TRY IT: Restate the full listing word for word and leave the pictures out.
AVAILABLE DATA: Begin
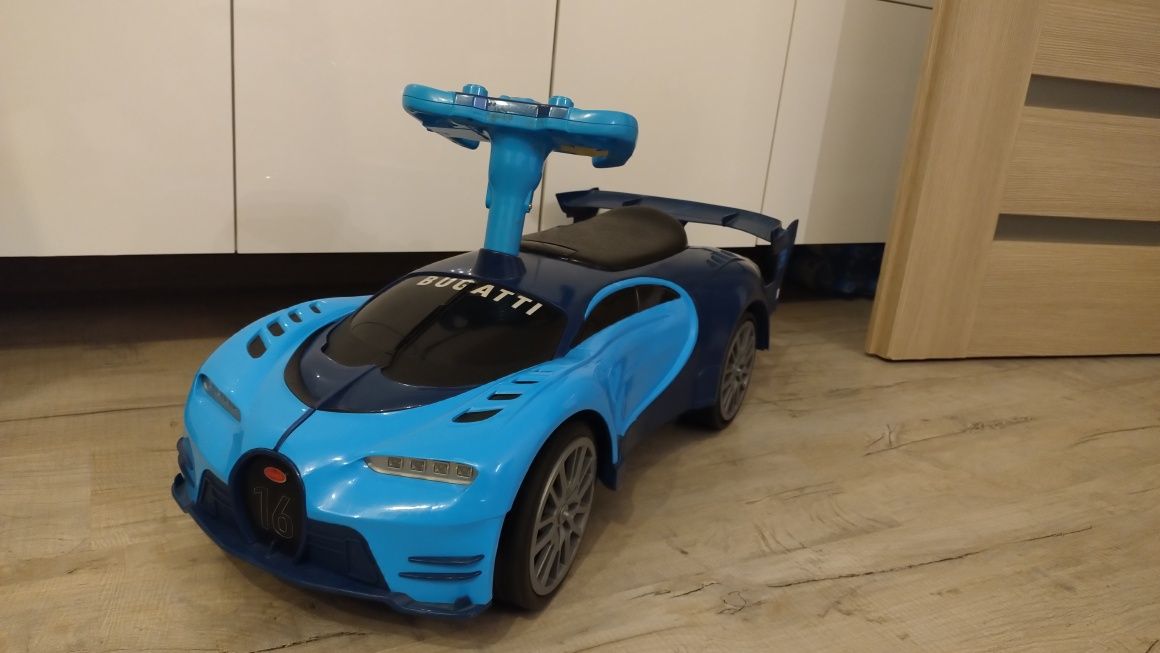 Jeździk Bugatti , pchacz, chodzik.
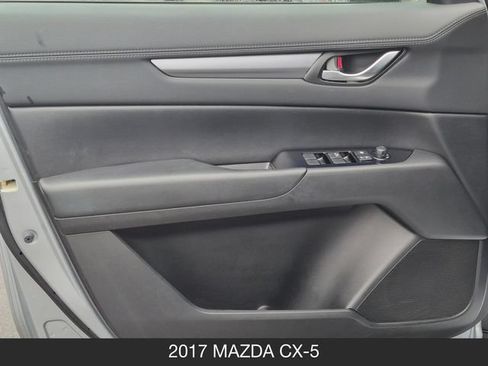 Used 2017 MAZDA CX-5 Touring AWD/4WD image 11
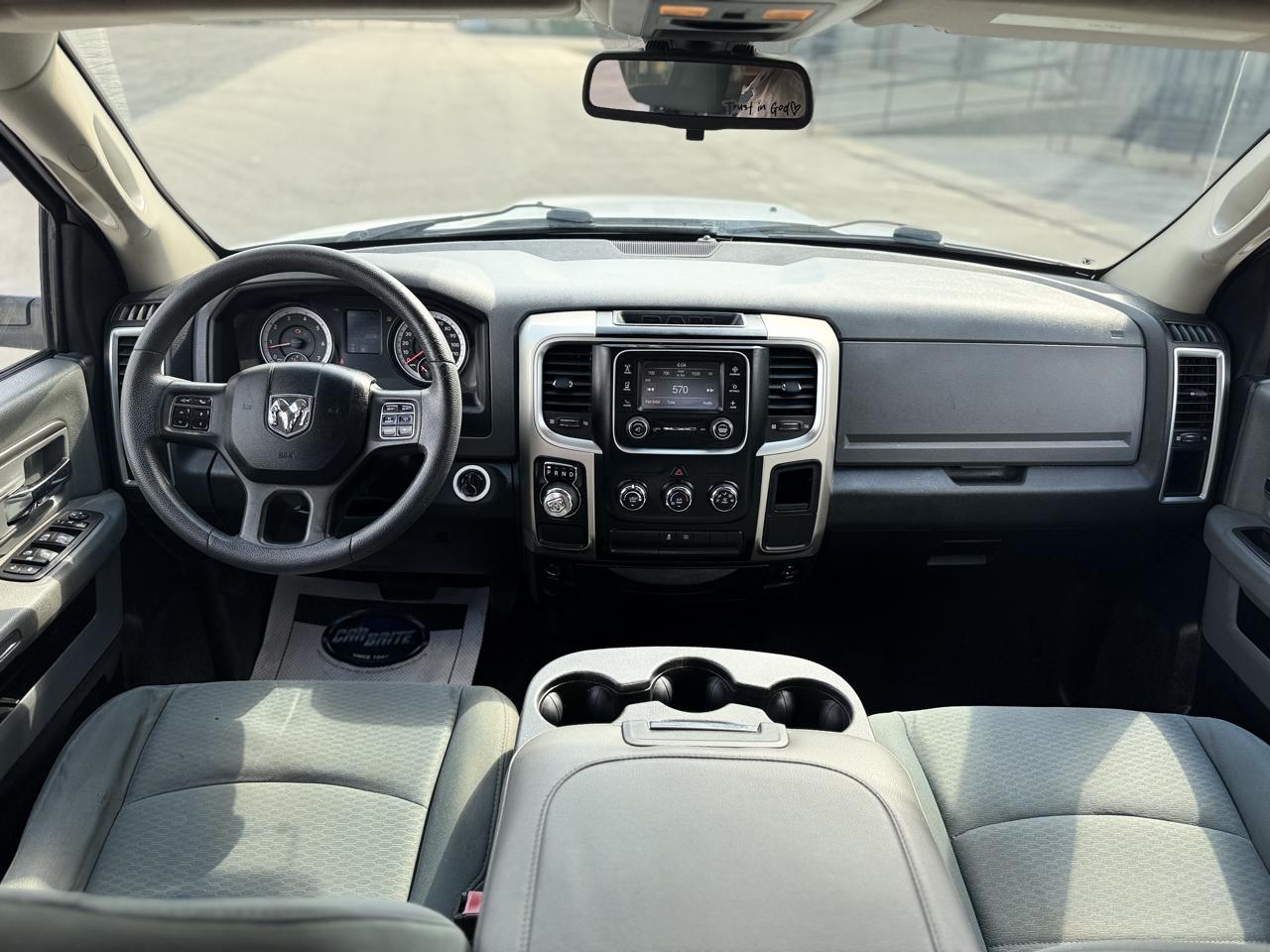 RAM 1500 SLT Quad Cab 2WD 2014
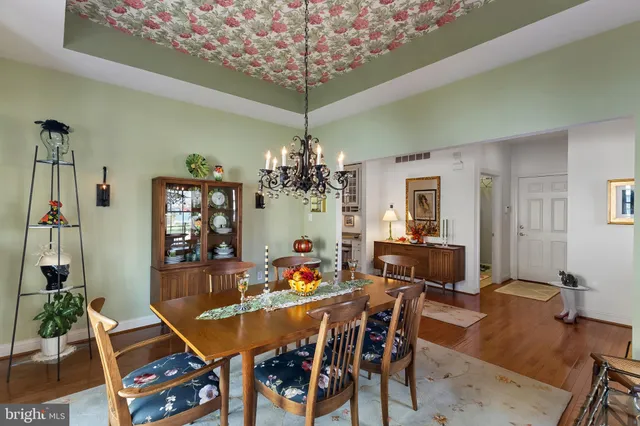 $569,000 | 121 Devalinder Drive, Newark, DE 19702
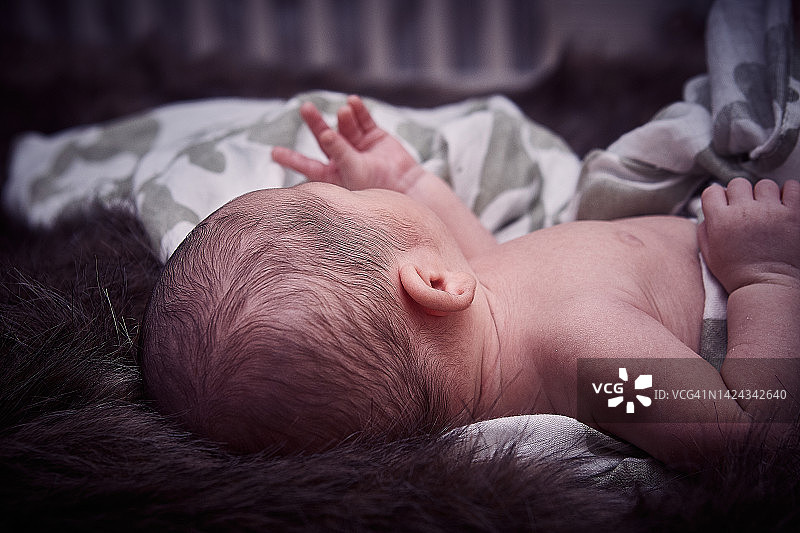 刚出生的男婴在睡觉图片素材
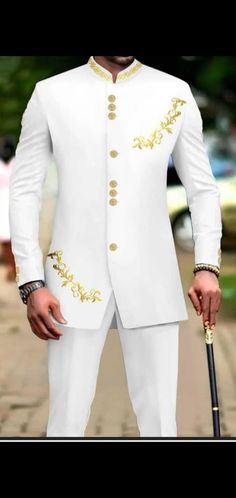 Somali Men Wedding Outfit, African Couple Outfit Matching Wedding, Moroccan Wedding Outfit Men, Wedding Sherwani With Gold Embroidery And Long Sleeves, White And Gold African Men Outfit, African Couple Outfit Matching, Bridal Shop Decor, Grooms Suit, Groom Dress Men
AVAILABLE DATA: End
SOLUTION:
 Jeździk Bugatti , pchacz, chodzik.
 Used 2017 MAZDA CX-5 Touring AWD/4WD image 11
 RAM 1500 SLT Quad Cab 2WD 2014
 $569,000 | 121 Devalinder Drive, Newark, DE 19702
 刚出生的男婴在睡觉图片素材
 Somali Men Wedding Outfit, African Couple Outfit Matching Wedding, Moroccan Wedding Outfit Men, Wedding Sherwani With Gold Embroidery And Long Sleeves, White And Gold African Men Outfit, African Couple Outfit Matching, Bridal Shop Decor, Grooms Suit, Groom Dress Men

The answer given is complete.